If you’re looking for something to do with your leftover Thanksgiving turkey (that’s not sandwiches), these enchiladas will hit the spot. Great thing about this is you can make ahead of time, and then just pop them in the oven when you get home from work – done in about 45 minutes.

In case you haven’t figured it out by now, green chili and bacon are one of those things that go together like peanut butter and jelly, or gravy and mashed potatoes – they’re just meant for each other (see “Hatch Chile Bacon Mac & Cheese”).

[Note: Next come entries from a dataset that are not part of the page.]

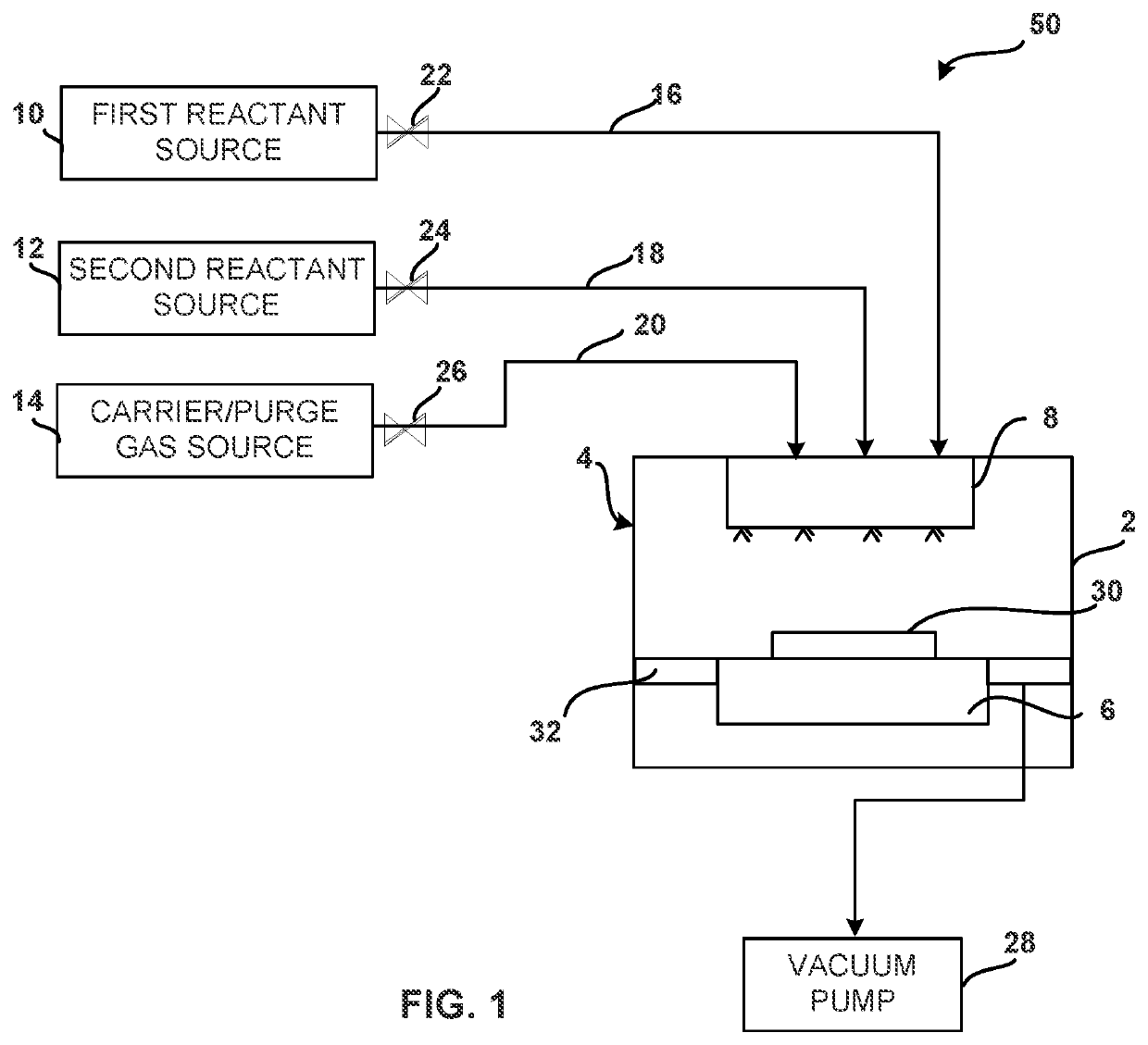 Alignment fixture for a reactor system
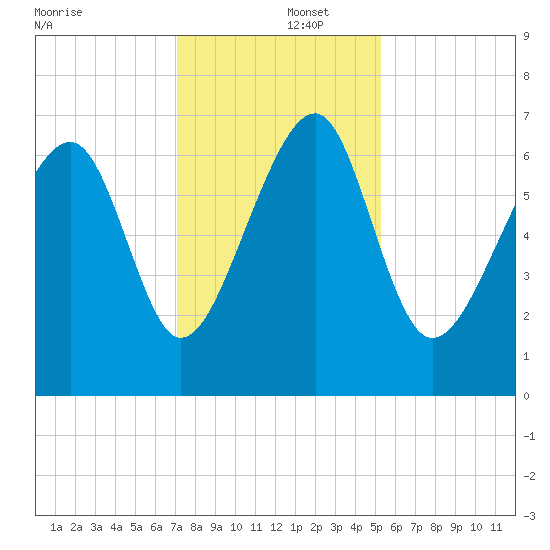 Capers Creek tide chart for Monday, December 4, 2023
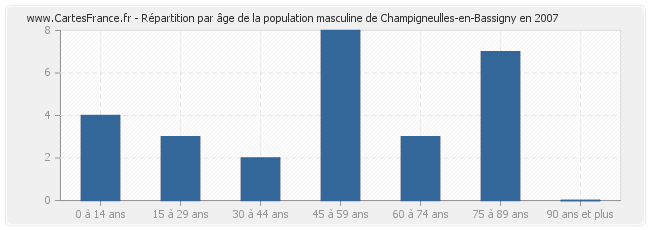 Répartition par âge de la population masculine de Champigneulles-en-Bassigny en 2007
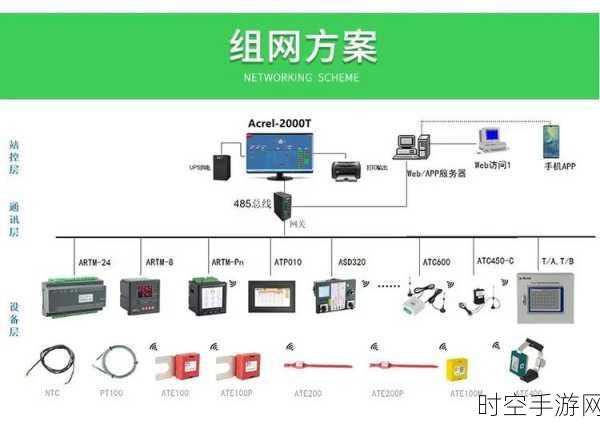 探秘安科瑞多回路导轨式能耗采集终端的神奇之处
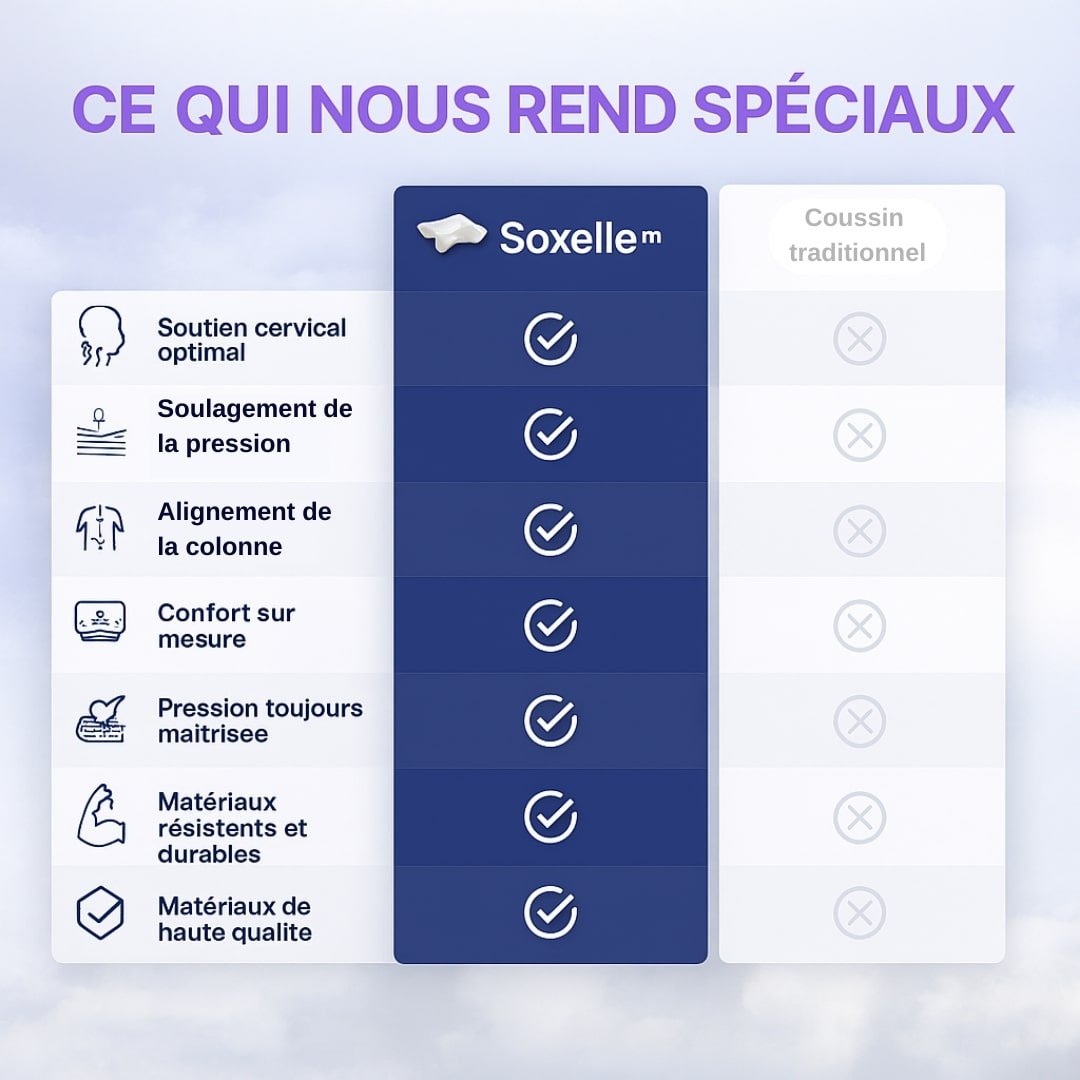 Retrouvez des nuits sans douleur avec l’Oreiller Orthopédique Soxelle™ - Soxelle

Remember – Enchiladas are basically just wet burritos that are rolled up and baked, so you’ll need to make (1) the sauce and (2) the filling. Make the sauce first, so it can cool while you’re making the filling.

You Will Need

  1. A Decent Chef Knife
  2. 12 inch Cast Iron Skillet or Sauté Pan
  3. A Long Handled Wooden Spoon
  4. A 9 x 13 Baking Dish or Aluminum Pan

Ingredients:

For the Sauce:

  1. 3 cloves garlic, finely minced or grated on a microplane
  2. 4 Hatch Chili, roasted and diced (or 2, 4oz cans)
  3. 1 medium onion, diced
  4. ½ teaspoon oregano
  5. ½ teaspoon cumin
  6. 2 tablespoons fresh cilantro, minced
  7. Juice of 1 or 2 limes
  8. 1 cup salsa verde

    Store bought is fine – in fact, if you want to skip all this, store bought Enchilada Sauce is also fine.

For the Filling:

  1. Cooked Chicken or Turkey – about 2lbs or so, shredded or chopped into bite-size pieces
  2. ⅓ cup Sour Cream
  3. 12 oz Monterey Jack Cheese, shredded
  4. 4-6 oz “mexican blend” cheese, shredded
  5. 12 oz bacon, cooked crisply and crumbled – reserve 4oz for topping.
  6. ½ teaspoon oregano
  7. ½ teaspoon cumin
  8. Dash paprika
  9. 2 cloves garlic, grated on a microplane

For the Assembly & Toppings:

  1. 6 – 8 12″ flour or corn tortillas
  2. Additional Sour Cream
  3. Additional Cilantro
  4. Fresh sliced avocados
  5. More bacon crumbles

Instructions

For the Sauce

  1. Lace a 12 inch Cast Iron Skillet or Sauté Pan with olive oil and heat over medium-high heat.
  2. Add onion and green/Hatch chili to the pan and sauté until onions are translucent and chilis begin to char in spots
  3. Add garlic, oregano, cumin, and cilantro and continue to sauté until very fragrant, 1 or 2 minutes more
  4. Add lime juice and salsa; stir until well combined and slightly reduced, 5 minutes
  5. Remove from heat and allow to cool while you make the filling

For the Filling:

Combine all ingredients together and mix well.

Assembly

  1. Blend sauce in food processor or blender and return to skillet
  2. Spray 9×13 Baking Dish with cooking spray (I prefer avocado oil here), then coat with a thin layer of the sauce
  3. Warm tortillas in microwave (they’re less likely to break if they’re warmed up), then dip into the sauce in the skillet
  4. Place tortilla in baking dish, then top with filling (don’t overstuff)
  5. Roll filled tortillas up and be sure they’re laying in the baking dish seam side down
  6. Sprinkle 4oz or so Mexican Cheese (or taco blend) on top
  7. Bake in oven 45 minutes to an hour, until cheese is brown and edges are bubbly
  8. Remove from oven and let stand for 10 minutes; serve with desired toppings.